B.C. Premier John Horgan and federal Indigenous Services Minister Marc Miller signalled Thursday they’re willing to arrange meetings with the Indigenous groups behind a week of protests that have blocked passenger and freight rail traffic.
In a letter to Gitxsan national hereditary chief Norman Stephens, Horgan said he or a member of his cabinet would meet with him and the Wet’suwet’en hereditary chiefs on the condition that they end an ongoing rail blockade which has halted traffic in and out of the Port of Prince Rupert. The B.C. government later said that it would be represented at the meeting by Indigenous Relations and Reconciliation Minister Scott Fraser.
The chiefs and their supporters launched the blockade to halt construction of the planned Coastal GasLink pipeline, which will move natural gas through the traditional territory of the West’suwt’en to a massive export terminal near Kitmat, B.C.
Horgan’s letter was drafted in response to a call by Stephens and the West’suwt’en hereditary chiefs for a meeting to put an end to the Coastal GasLink dispute. Earlier this month, RCMP officers arrested activists blocking access to a public forest road near a construction site for the pipeline.
“I confirm our government’s willingness to participate in such a meeting on the basis you propose,” Horgan told Stephens in a letter dated Feb. 12.
“I understand that on receipt of his letter and a similar commitment from Canada, the blockade of the CN line will be removed to allow for a period of calm and peaceful dialogue.”
The Prime Minister’s Office confirmed Thursday that Crown-Indigenous Relations Minister Carolyn Bennett will be on hand for the meeting.
Federal Indigenous Services Minister Marc Miller also offered to meet Saturday with the Mohawks of Tyendinaga who have been blocking rail service on a rail line in southern Ontario — one of Canada’s busiest rail corridors.
In return, Miller has asked the Mohawks “to discontinue the protest and barricade of the train tracks as soon as practicable.”
The Mohawk action, launched in response to the now-concluded RCMP raids in B.C. to break the blockade of the Coastal GasLink project, has halted VIA Rail passenger traffic on the Toronto-Ottawa-Montreal corridor and forced CN Rail to end freight service on the route.
Miller sent the email just after midnight Thursday to three individuals: activist Kanenhariyo (whose English name is Seth LeFort), Mohawks of the Bay of Quinte Chief Donald Maracle and Assembly of First Nations Ontario Regional Chief RoseAnne Archibald.
“As you well know, this is a highly volatile situation and the safety of all involved is of utmost importance to me,” Miller wrote in the email.
“I hope you will agree to this request and that we can meet in a spirit of peace and co-operation that should guide our relationship,” Miller said.
The Mohawk demonstrators along the tracks are meeting this morning to discuss how to respond to this offer.
The Ontario Superior Court issued an injunction last Friday prohibiting continued interference with CN Rail’s operations.
The Ontario Provincial Police have told the demonstrators they would be enforcing the injunction.

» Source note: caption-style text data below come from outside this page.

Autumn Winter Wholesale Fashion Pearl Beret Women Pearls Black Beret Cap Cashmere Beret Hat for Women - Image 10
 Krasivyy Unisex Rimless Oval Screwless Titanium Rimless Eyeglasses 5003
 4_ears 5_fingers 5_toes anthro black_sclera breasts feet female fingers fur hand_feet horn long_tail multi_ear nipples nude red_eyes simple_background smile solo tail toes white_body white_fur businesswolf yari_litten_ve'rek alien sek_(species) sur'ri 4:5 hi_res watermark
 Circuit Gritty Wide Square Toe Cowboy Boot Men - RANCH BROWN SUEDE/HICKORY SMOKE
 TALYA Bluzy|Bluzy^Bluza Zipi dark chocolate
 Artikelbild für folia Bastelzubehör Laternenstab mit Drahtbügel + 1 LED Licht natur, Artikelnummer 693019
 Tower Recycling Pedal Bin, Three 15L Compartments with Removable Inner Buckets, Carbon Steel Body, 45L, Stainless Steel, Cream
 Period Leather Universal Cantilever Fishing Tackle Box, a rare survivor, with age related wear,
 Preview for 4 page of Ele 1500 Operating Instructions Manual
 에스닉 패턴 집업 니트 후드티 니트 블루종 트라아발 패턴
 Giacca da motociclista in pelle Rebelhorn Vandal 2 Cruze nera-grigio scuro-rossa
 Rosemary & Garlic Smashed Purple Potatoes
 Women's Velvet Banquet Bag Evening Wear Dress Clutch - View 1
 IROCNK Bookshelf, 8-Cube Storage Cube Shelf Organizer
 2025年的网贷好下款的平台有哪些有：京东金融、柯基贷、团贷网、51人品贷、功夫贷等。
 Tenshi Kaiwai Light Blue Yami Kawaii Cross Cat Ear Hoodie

The OPP presence at the protest site had visibly increased by Thursday morning.
Minister calls to renew treaty
CBC News reached Maracle Thursday morning. He said he couldn’t comment until a formal statement was released on the issue.
Archibald also said she couldn’t comment, but that her office would issue a statement in the event the demonstrators stand down.
In the email, Miller said he wanted to renew a 17th century treaty between the Iroquois and European settlers.
“I am writing to confirm what I agreed orally a short while ago: that pursuant to the principles of the Silver Chain Covenant, I hereby agree to polish the Chain with you and the Kanien’kehá:ka of Tyendinaga at a location of your choosing this coming Saturday,” wrote Miller.
The email ends with a sign-off in Mohawk.